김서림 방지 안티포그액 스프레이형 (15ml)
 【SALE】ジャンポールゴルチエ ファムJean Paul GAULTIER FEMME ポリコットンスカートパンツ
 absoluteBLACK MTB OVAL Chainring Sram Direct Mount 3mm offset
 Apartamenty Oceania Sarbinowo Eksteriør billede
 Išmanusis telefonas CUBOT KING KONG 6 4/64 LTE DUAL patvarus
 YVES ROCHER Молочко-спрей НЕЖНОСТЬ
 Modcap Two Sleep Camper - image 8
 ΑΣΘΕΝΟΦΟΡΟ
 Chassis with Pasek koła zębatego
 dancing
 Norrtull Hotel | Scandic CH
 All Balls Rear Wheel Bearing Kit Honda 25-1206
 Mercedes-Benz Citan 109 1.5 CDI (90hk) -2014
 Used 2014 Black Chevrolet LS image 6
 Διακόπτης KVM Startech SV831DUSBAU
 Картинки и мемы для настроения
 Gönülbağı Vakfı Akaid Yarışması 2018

+++

-- Problem statement --
Every line of the data is to be printed again exactly.

-- Answer to this exercise --
김서림 방지 안티포그액 스프레이형 (15ml)
 【SALE】ジャンポールゴルチエ ファムJean Paul GAULTIER FEMME ポリコットンスカートパンツ
 absoluteBLACK MTB OVAL Chainring Sram Direct Mount 3mm offset
 Apartamenty Oceania Sarbinowo Eksteriør billede
 Išmanusis telefonas CUBOT KING KONG 6 4/64 LTE DUAL patvarus
 YVES ROCHER Молочко-спрей НЕЖНОСТЬ
 Modcap Two Sleep Camper - image 8
 ΑΣΘΕΝΟΦΟΡΟ
 Chassis with Pasek koła zębatego
 dancing
 Norrtull Hotel | Scandic CH
 All Balls Rear Wheel Bearing Kit Honda 25-1206
 Mercedes-Benz Citan 109 1.5 CDI (90hk) -2014
 Used 2014 Black Chevrolet LS image 6
 Διακόπτης KVM Startech SV831DUSBAU
 Картинки и мемы для настроения
 Gönülbağı Vakfı Akaid Yarışması 2018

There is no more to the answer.